Abstract
An analytical vehicle model is essential for the development of vehicle design and performance. Various vehicle models have different complexities, assumptions and limitations depending on the type of vehicle analysis. An accurate full vehicle model is essential in representing the behaviour of the vehicle in order to estimate vehicle dynamic system performance such as ride comfort and handling. An experimental vehicle model is developed in this article, which employs experimental kinematic and compliance data measured between the wheel and chassis. From these data, a vehicle model, which includes dynamic effects due to vehicle geometry changes, has been developed. The experimental vehicle model was validated using an instrumented experimental vehicle and data such as a step change steering input. This article shows a process to develop and validate an experimental vehicle model to enhance the accuracy of handling performance, which comes from precise suspension model measured by experimental data of a vehicle. The experimental force data obtained from a suspension parameter measuring device are employed for a precise modelling of the steering and handling response. The steering system is modelled by a lumped model, with stiffness coefficients defined and identified by comparing steering stiffness obtained by the measured data. The outputs, specifically the yaw rate and lateral acceleration of the vehicle, are verified by experimental results.
Keywords
Introduction
The advancement of vehicle dynamics simulation capabilities has dramatically altered the vehicle development process over time. Theoretical analysis methods began as a means to provide fast and cost-effective alternatives to physical testing. However, this often came at the expense of accuracy and high-resolution details. Experimental testing still provides valuable and objective scientific data. With the development of computer simulation technologies and the advancement of computational capabilities, automotive testing in a virtual simulation environment has become common. 1
A common simulation tool used for automotive applications is Automated Dynamic Analysis of Mechanical Systems (ADAMS). 2 However, it is often difficult to obtain all of the data necessary to define and execute the computational model. In such cases, the model is often simplified. For this case, a simple modelling method is needed for vehicle analysis. The lumped mass vehicle model with 14 degree of freedom (DOF) is usually three-dimensional and simple model.3–5 The experimental vehicle model (EVM) is one such example, which uses the experimental data to define parameters and characteristics of the automobile.6,7 Numerous coefficients and mathematical functions are used to define trends through the experimental data. Yuen et al. 8 had focused on applying opposite test with full vehicle model (FVM) to optimize the vehicle model for the handling performance.
When the vehicle has run the handling test, the relative movement between wheel and body is different since the coupling effect might be occurred by wheel travel position of right and left sides. In order to better represent the vehicle lateral and yaw dynamics due to handling manoeuvre, the EVM should be considered with all kinematic and compliance (K&C) data. The model will then capture the vehicle handling characteristics and the effects of structural parameters on the suspension performance.
Section ‘Experimental vehicle model’ discusses some of the ideas for modelling, which can be used on the K&C data. Section ‘Steering model’ explains the steering system dynamics, and a relation between steering angle and torque is developed. The vehicle handling simulation is discussed in section ‘Full car test’ and compared with experiments to verify the accuracy.
EVM
Conventional vehicle models
There are numerous DOF associated with vehicle dynamics. The most simplified vehicle dynamic model is a 2-DOF bicycle model, representing the lateral and yaw motions as shown in Figure 1(a). This model is good for understanding the basics of vehicle dynamic. However, the disadvantage is that it cannot reflect the suspension and tire effects.

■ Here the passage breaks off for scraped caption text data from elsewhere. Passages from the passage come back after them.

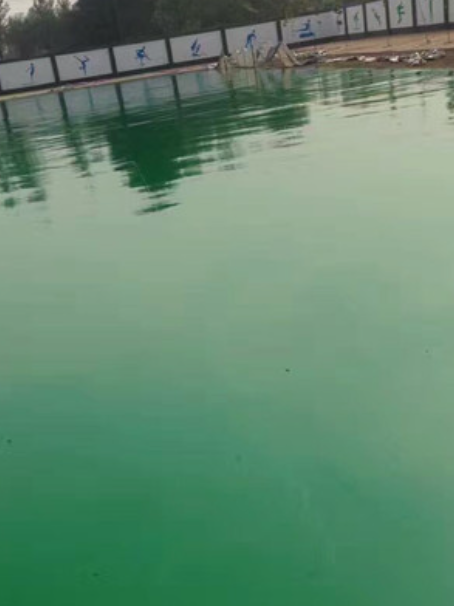 蚌埠篮球场翻新怎么做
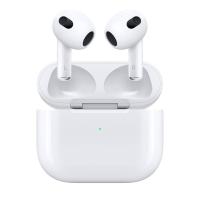Apple AirPods (3rd generation) AirPods (3.ª generación) con estuche de carga Lightning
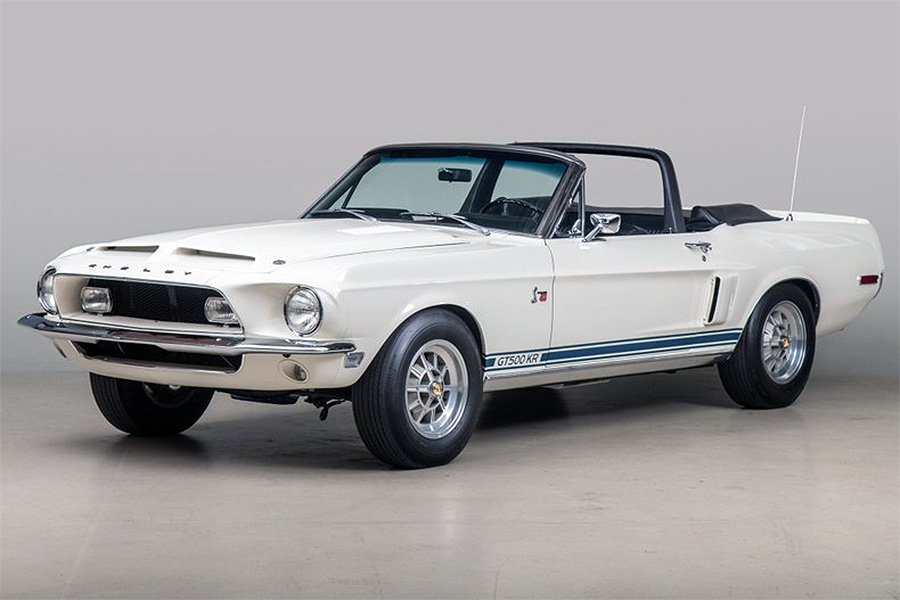 1968 Shelby GT500KR For Sale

Conventional vehicle models: (a) bicycle model and (b) 14 DOF.
As shown in Figure 1(b), 14-DOF FVM consist of a single sprung mass connected to four unsprung masses as vehicle body and wheels. These are represented as horizontal 3 DOF (longitudinal, lateral translation and yaw of vehicle body), vertical 7 DOF (vertical, roll and pitch of vehicle body and each wheel vertical translation) and tire 4 DOF model (each wheel rotation). This model is more accurate and well expresses the vehicle motion than the bicycle model. But this model does not have the relative wheel movement with respect to body because it cannot reflect the vehicle characteristics such as K&C. It means that the unsprung masses are allowed to bounce vertically with respect to the sprung mass only.
An EVM is a simpler model than a multi-body model, in which suspension data are measured from a suspension parameter measuring device (SPMD). When there does not exist enough data for constructing the multi-body vehicle model, the EVM model can be a good alternative.
Vehicle coordinates
In three-dimensional space, the motion of the vehicle body and wheel can be viewed as rigid. Chassis and relative movements with respect to the coordinate of the wheel can be expressed as shown in Figure 2.

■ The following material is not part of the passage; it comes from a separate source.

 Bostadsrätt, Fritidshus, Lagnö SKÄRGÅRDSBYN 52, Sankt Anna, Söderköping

Coordinate system used in vehicle model.
The position vector for body and wheel are
SPMD test
The vehicle’s position is a function of the physical characteristics and kinematics of the suspension. The kinematics and compliant deflection of the vehicle suspension can be obtained from experimental measurements. In the current research effort, these data were obtained for a sport utility vehicle (SUV) using an SPMD test as shown in Figure 3(a). The test is divided into two types: K&C test. The kinematic test is used to measure the relative displacement between wheel and body with respect to wheel travel or steering angle as shown in Figure 3(b)–(d). In the parallel or opposite suspension test, the relative vehicle movement is changed when wheels move up and down along the same or opposite direction, respectively. In the steer test, the vehicle movement is measured as steering angle, and wheel height is changed. The additional relative displacement of the wheel due to the longitudinal and lateral force and aligning moment inputs at the tire contact patch is the suspension compliance. The compliance test is used to measure coefficients with respect to forces and moments as shown in Figure 3(e).

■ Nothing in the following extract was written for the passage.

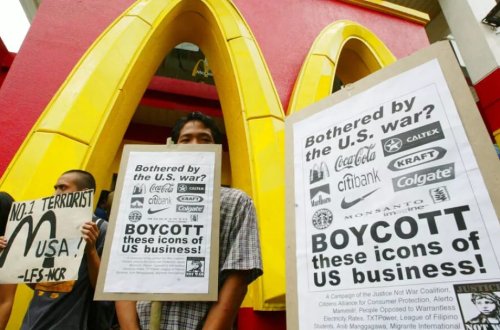 Boykotdan sonra McDonald's İsraildəki bütün restoranlarını geri alır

Environment of SPMD: (a) equipment, (b) parallel suspension test, (c) opposite suspension test, (d) steer test and (e) compliance test.
EVM
The global position of the wheel is defined as the sum of position vectors between the chassis and wheel with respect to the chassis
It is expressed in the coordinate system of each body frame as follows
where
where matrices
To accurately model the vehicle movement on the chassis system, the model must include the suspension and steering characteristic. Thus,
Data from the SPMD test are shown in Figures 4 and 5. Figure 4(a) shows the various displacements of the wheels from the parallel and opposite test. The relative displacement of wheel with respect to chassis changes as a curve of wheel travel. Figure 4(b) shows the steering test result. The relative wheel displacements change as a curve of the steering angle and wheel travel. Figure 5 provides the compliance results describing the motion of the vehicle wheel by lateral forces.

Result of kinematic test with displacement: (a) parallel and opposite suspension test and fitting results and (b) steer test and fitting results.

Result of compliance test with lateral force.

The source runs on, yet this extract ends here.